発想がこわい
「クリスはなんで私に手を出さないの?」
公爵家のとんでもなく広いお風呂に二人で入りながらクリスに聞いてみる。
この男、一緒にお風呂に入るし、一緒に寝るくせに頑なに手を出そうとしない。別にいいんだけど、婚前交渉に対してそこまで厳しいわけでもないのでどうしてなのか常々気になっている。

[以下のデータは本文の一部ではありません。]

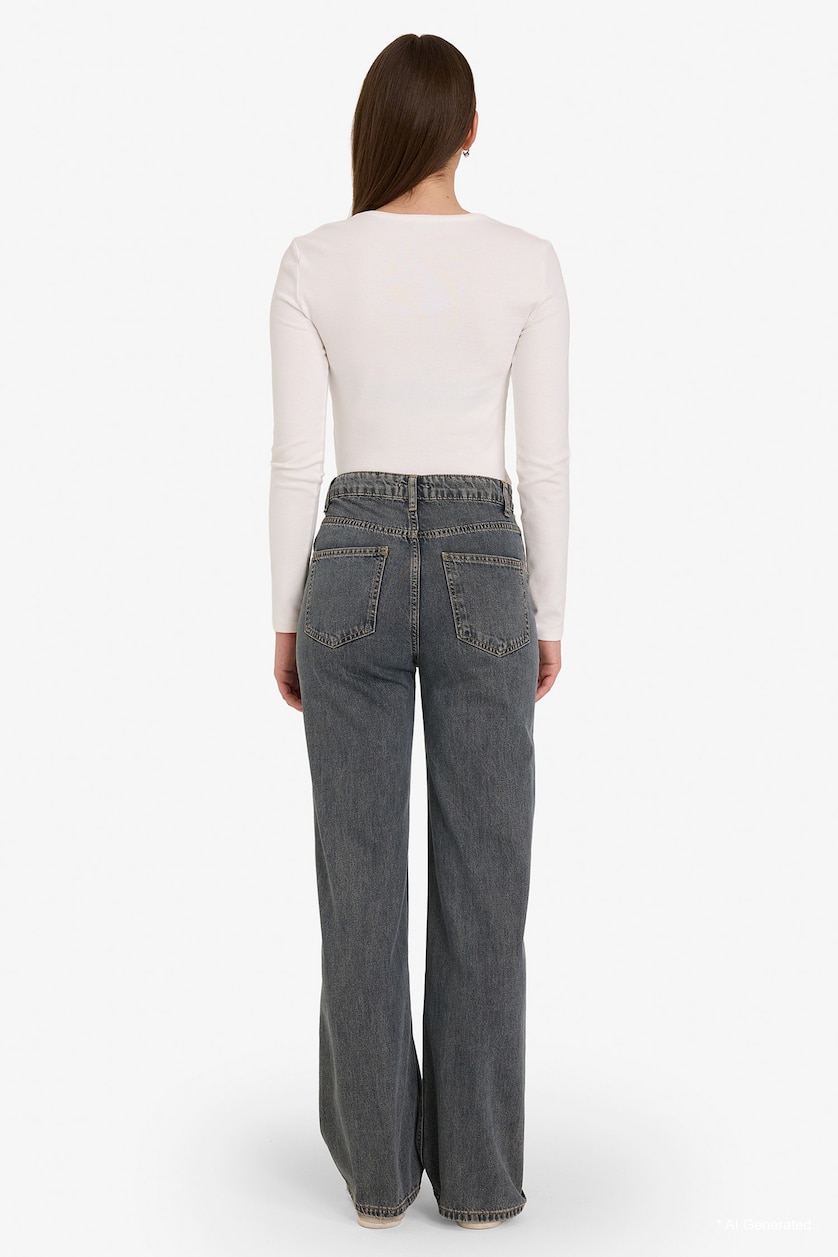 FEMME Bleu Foncé Jean 90's large taille haute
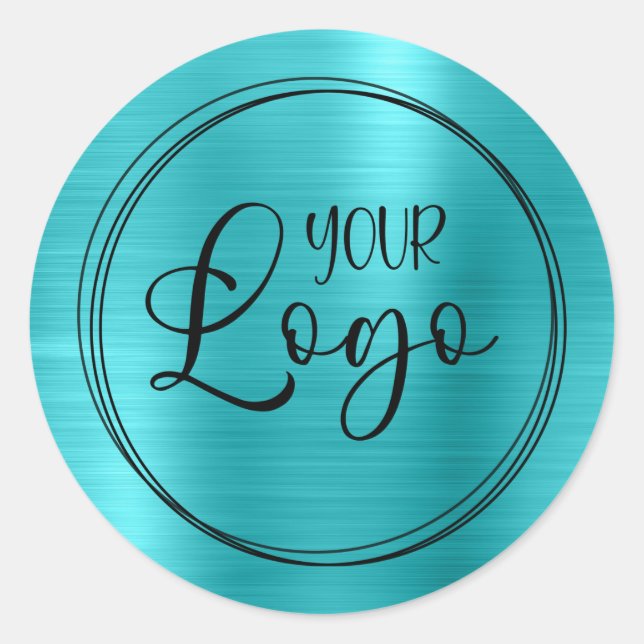 Your Business Logo Turquoise Blue Metallic Classic Round Sticker (Front)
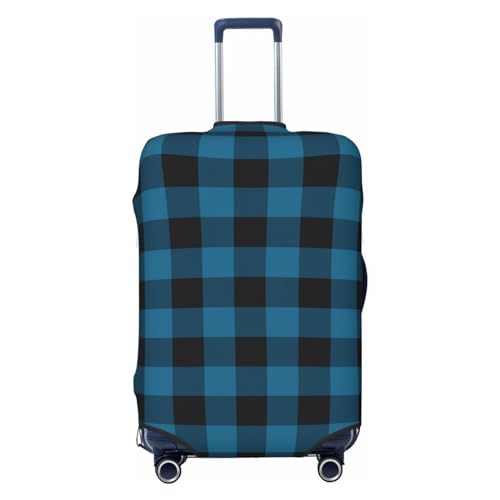 Blue Black Plaid Luggage Cover Protector Anti-Scratch Washable Fits 18-32 Inch Luggage-X-Large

私のことが大好きで、二人になるとすぐにくっつく割にはキスや性的なことはあまりしない。抱きしめたり手を繋ぐくらいだ。だからこそ令嬢たちに演技なのでは?なあんて言われてるけれど。
「これに関しては欲望を育ててるんだよ」
「?」
「ふふ」
意味がわからなくて首を傾げると、クリスは笑う。
「そりゃ、正直今も、というかいつだってローズには手を出したいよ。一生抱き合ってたいし繋がってたいし俺以外の目に触れないところに閉じ込めてたい」
「…」
「でもそれじゃだめだってローズが言ったでしょ?ローズのおかげで我慢を覚えた。あとこうして我慢した末にもらうご褒美がいかに幸せかも覚えた」
「だから我慢してるっていうの?」
「うん。婚約してからずっと我慢してるから、結婚生活は幸せだろうな」
ギリギリわかる様な、それでいてイマイチよくわからない様な持論を展開されて。私は諦めて彼の背中に身を預けた。

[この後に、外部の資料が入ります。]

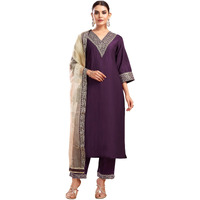 Sanisa Women's Silk Sequence And Embroidery Work Lace Straight Kurta With Pant And Dupatta Set (104Kbd1133Nb-Xl_Wine)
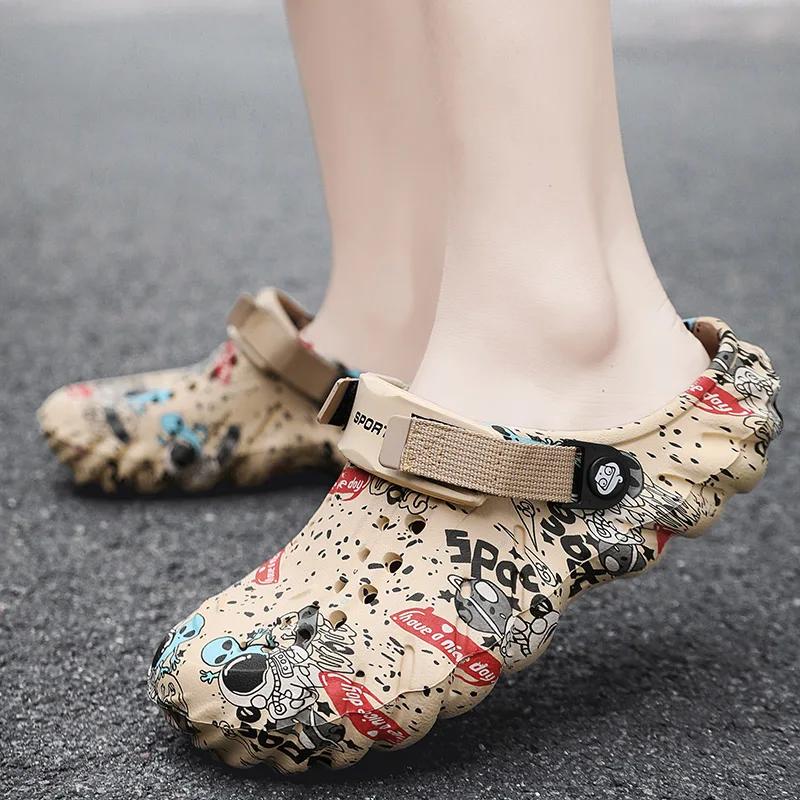 Новые мужские летние повседневные персонализированные тапочки камуфляжного цвета на толстой подошве, универсальные легкие пляжные туфли из ЭВА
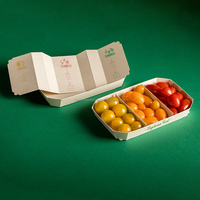 Barquettes jetables en papier pour ferme, paniers durables pour fruits et légumes, paniers en matériaux recyclés, boîte d'emballage pour supermarché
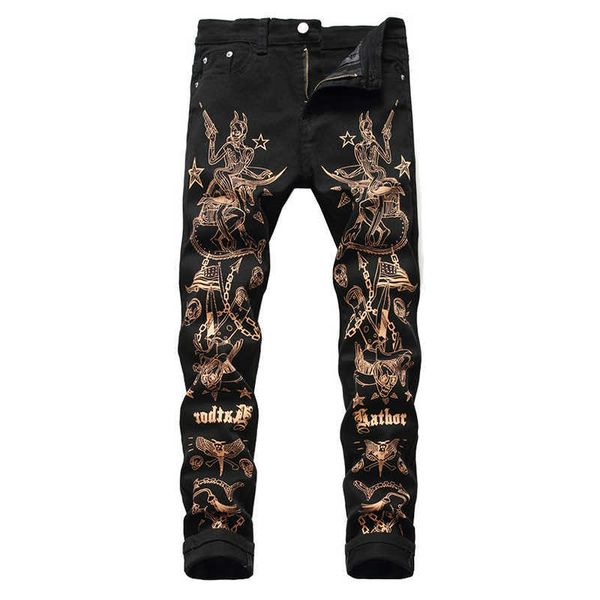 

men's jeans sokotoo men's slim 3d print jeans fashion beauty flag skull painted black stretch denim pants t221102, Blue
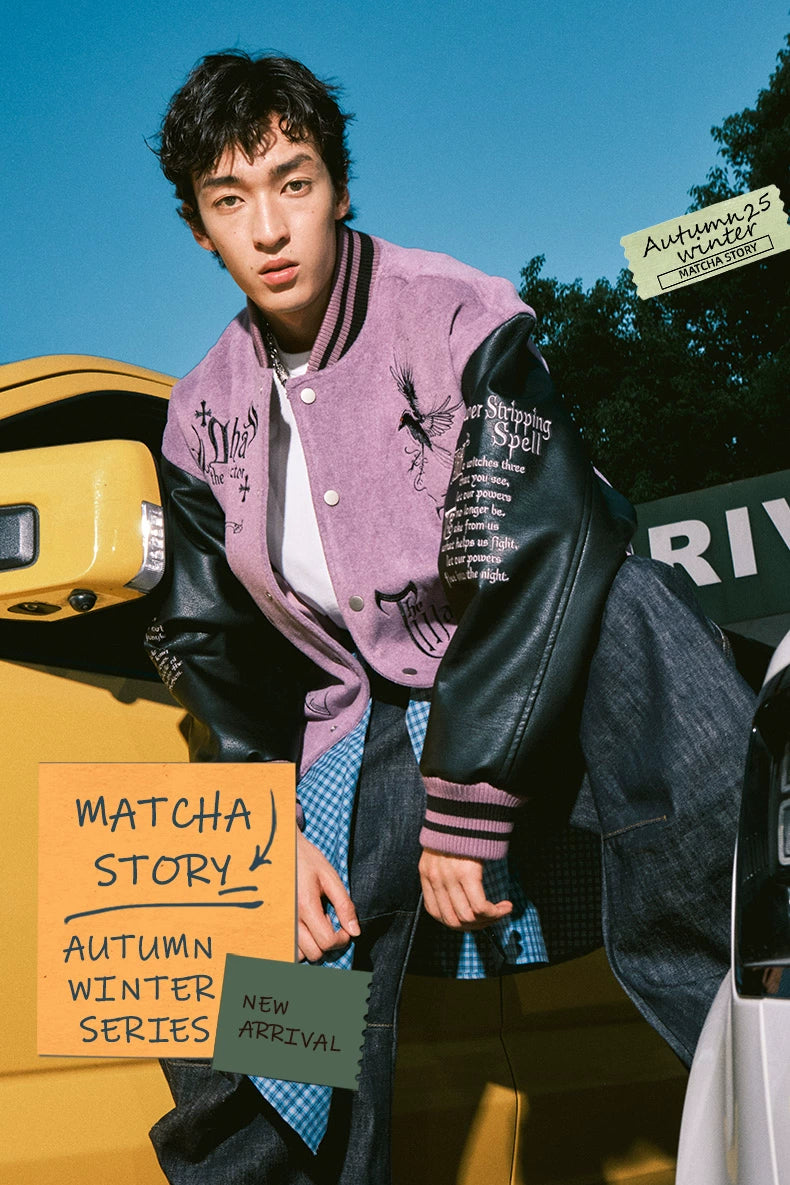 MATCHA STORY Embroidered Baseball Jacket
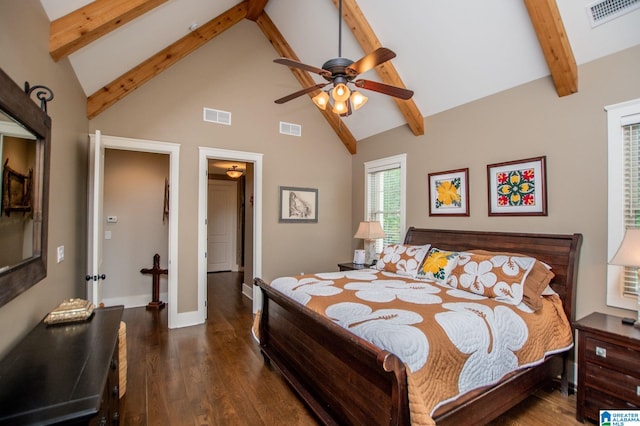 bedroom with high vaulted ceiling, beam ceiling, and visible vents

結婚した後の私は大丈夫なのだろうか。我慢の反動が怖い。いいや、今は考えないようにしよう。
今もお尻あたりに固いものが当たっているけど、クリスは手を出さない。
「ローズは俺のこと愛してる?」
「愛してなきゃ一緒にお風呂入らないよ」
「そうだよね、俺もローズを愛してる。全部大好き。ローズが俺のこと愛してるのに、俺に媚びないところは特に好き」
「クリスが言ったんじゃない、身分気にしなくていいから畏まらないでって」
「んー、そうだけど。そうじゃなくて。俺は昔から色んな令嬢に付き纏われててさ、みんな俺のことが好きだって言うんだ。で、俺に媚びるんだ。自分がいかに俺の役に立つか、自分がいかに優れているか、なんかそう言うことを言いながら俺にまとわりついてくる。でもローズはそうじゃない。俺のことを好きだって、愛してくれるけど、俺の顔色伺って擦り寄ってきたりしない。必要な愛情と優しさだけをくれる。だからローズが大好きなんだ」
「クリス、私が媚びたら大喜びしそうだけど?」
「んー、どうだろ。大喜び、するかも。でも中途半端にローズに媚びられるぐらいなら、俺がいないと生きていけないぐらいドロドロになって縋ってほしいかな」
発想がこわい。
俺いないと生きていけないくらいドロドロの状態ってどんな状態なんだろう。
今でも結婚したあとはクリスがいないと収入は無くなっちゃうし暮らしていけないと思うんだけど、それとは違うのかしら。
「ねえ、クリス、今日はお風呂が終わったら少し庭を散歩しない?」
「なんで?」
「んー、お願い」
クリスはお風呂から上がると二人で部屋に篭って過ごすのが好きだから、お願いをしてみる。
わざとらしく指を絡めて手を握り、それから引き寄せて手の甲にキスをするとクリスは顔を赤くする。自分からくっつくくせに、私からくっつくのには弱い。
「どうクリス?媚び、できてる?」
「それはただの可愛いおねだりだよ」
「難しいな」
「可愛かったからいいよ。庭を散歩しよう。今日はよく晴れているから星がきれいだろうね」
「じゃあお風呂からあがろうよ」
「いいよ」
そういうとクリスは私を抱え上げた。